[What to do] Reproduce the data below in full and to the letter, images excepted.

[Data provided]
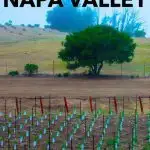 Pinterest image: image of vineyard with caption reading ‘Wine Tasting in Napa Valley’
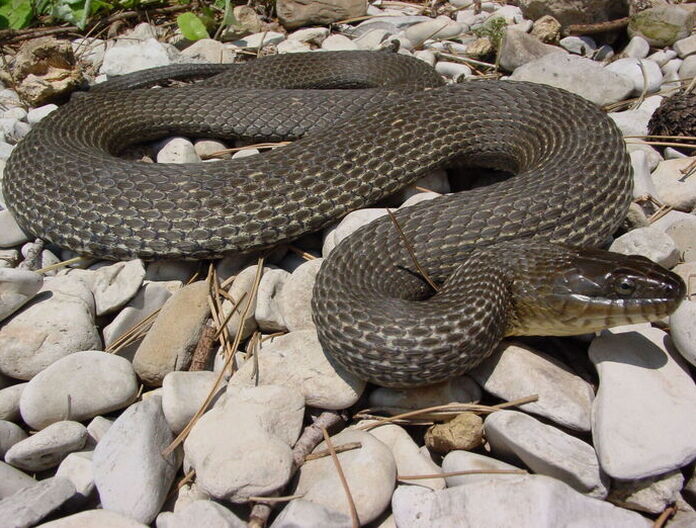 Watersnake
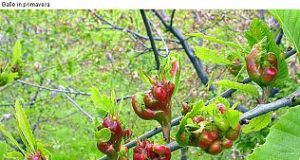Agricoltura, Amiata: Incontro sul cinipide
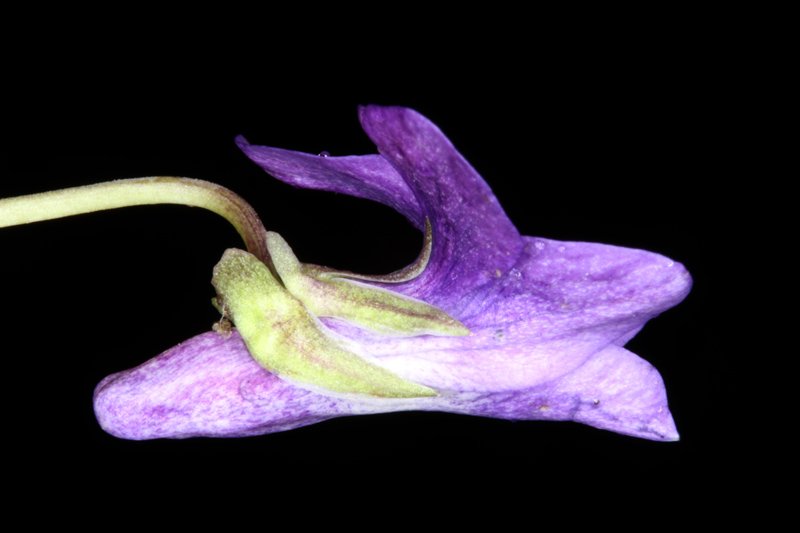 Violacées - Viola canina ssp ruppii - red 3.jpg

[Answer section]
 Pinterest image: image of vineyard with caption reading ‘Wine Tasting in Napa Valley’
 Watersnake
Agricoltura, Amiata: Incontro sul cinipide
 Violacées - Viola canina ssp ruppii - red 3.jpg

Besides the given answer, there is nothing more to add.